Repeat nothing but the line that contains "Good News Found" and the lines after it, through the end of the listing, exactly as they stand; omit pictures.
== Exercise data
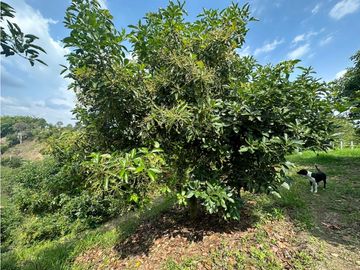 Se Vende Finca Sembrada En Aguacate Semil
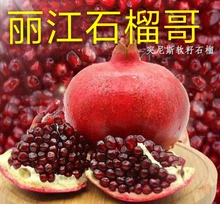 抖音丽江石榴哥金国伟1店网红石榴现摘河阴软籽石榴6斤装金国伟店
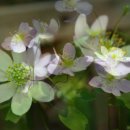 Anemonella(rue-anemone) 이미지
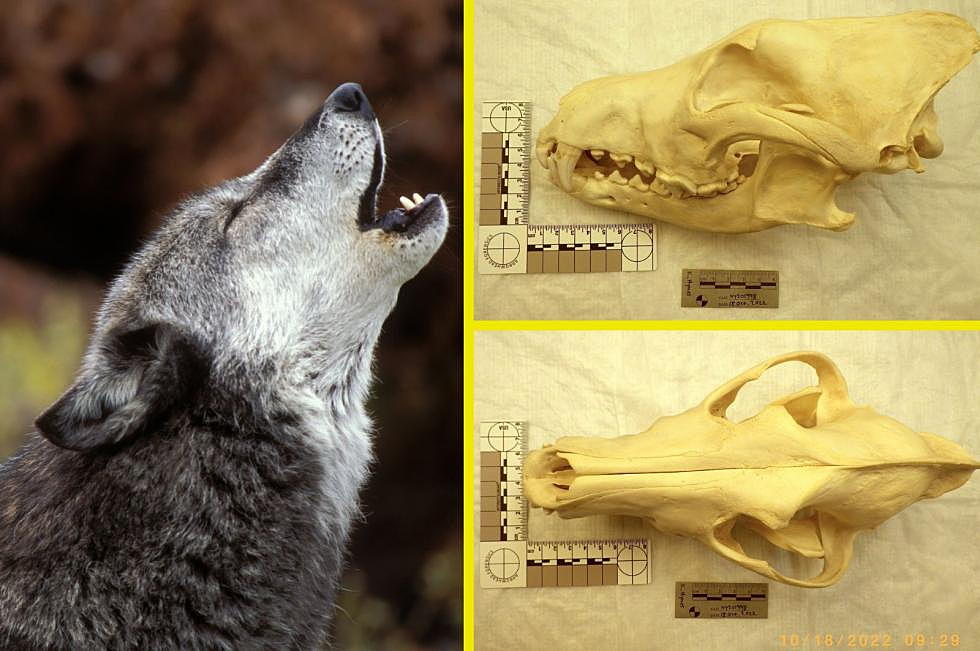 Good News Found After Analysis of Wolf Discovered in New York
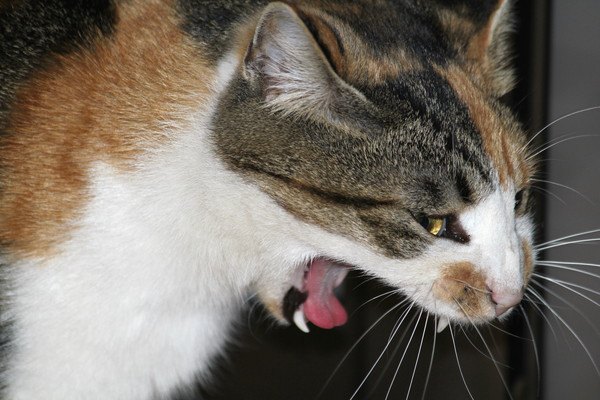 猫の「美味しくニャイ」表現方法５つ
====
Your solution ▸
 Good News Found After Analysis of Wolf Discovered in New York
 猫の「美味しくニャイ」表現方法５つ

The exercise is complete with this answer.